While I can write all I want about what I’ve done to date, perhaps the best way to get feedback on this is to share the work to date with the world. So here is a link to the Tableau Dashboard.
The dashboard includes the percentile of their current cap hit around the league, their TPS percentile for the 2019-20 season. The Total Player Score Report (TPS Report) gives the Total player score, but also shows what is driving that score, either the individual outputs or the on ice play. The contract value shows the weighted contract value first, and the more raw number second. As you can see above for Matthews, his contract is right about where it should be and there isn’t any change between the weighted and raw scores, which is common for RFA aged players.
The player’s stat line is also included as a point of reference as these are the building blocks for the TPS score, as well as some of the most important comparators like expected goals, corsi, and game score.
Lastly there is a second filterable graph that allows you to look at comparisons for the player above, and see some of the trending patterns.

## Next Steps

Hooooo Doggy, there is still work to be done. First and foremost I need to bring goaltenders into the fold on this. I’m currently leaning towards a save percentage model similar to the one used for the On Ice Play approach.

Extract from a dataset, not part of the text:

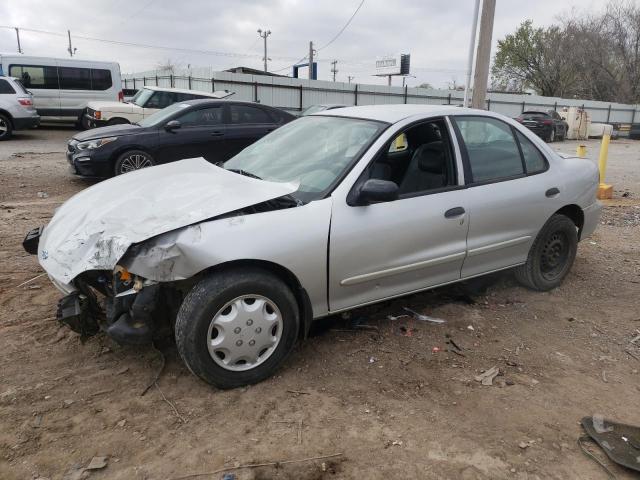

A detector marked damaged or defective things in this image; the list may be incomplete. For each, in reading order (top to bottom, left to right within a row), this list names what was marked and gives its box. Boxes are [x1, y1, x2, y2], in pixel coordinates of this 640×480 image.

In addition to that, it would be great to bring prospects into the mix in some regard through lite version of this mixed in with NHL equivalencies. Other pieces like establishing a common value of draft picks would also be a goal.
The other piece that I want to work into this is a means to establish who is driving the line a bit better. Take some of the Draisaitl shine off of Kailer Yamamoto, and what not.

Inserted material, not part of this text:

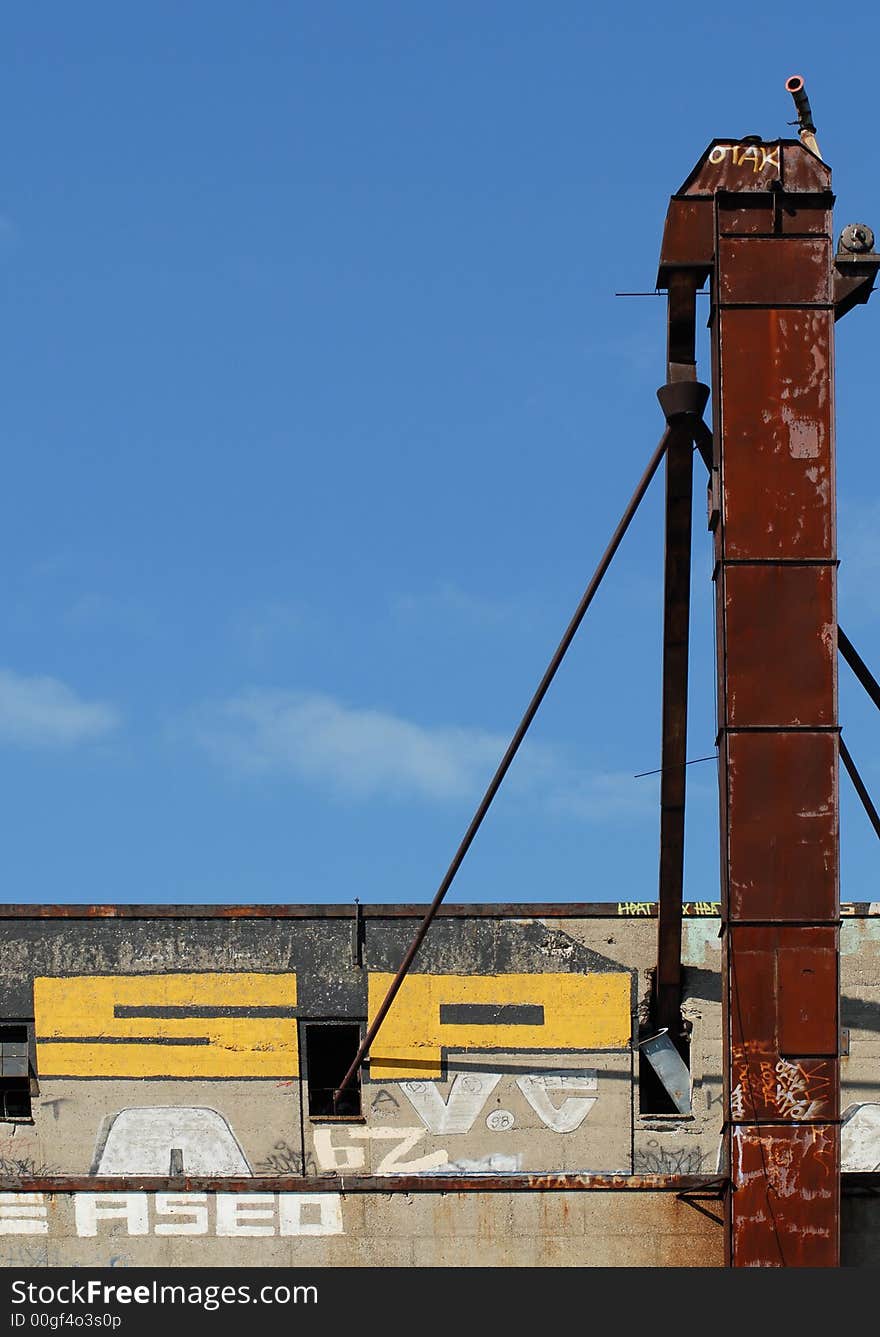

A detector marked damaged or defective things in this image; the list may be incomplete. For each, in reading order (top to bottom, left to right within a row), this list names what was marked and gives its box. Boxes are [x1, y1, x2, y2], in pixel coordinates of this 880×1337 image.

rusty metal column [712, 144, 844, 1264]
broken window [0, 1024, 32, 1120]
broken window [304, 1024, 362, 1120]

Finally the hope is to add a bit of a predictive component for what the player’s cap hit should be, what their trade value is, and based on history what we can predict their future TPS scores to be as well.
In short, there is still plenty of work that needs to be done on this, but for now I’m happy to better understand how the sausage is made.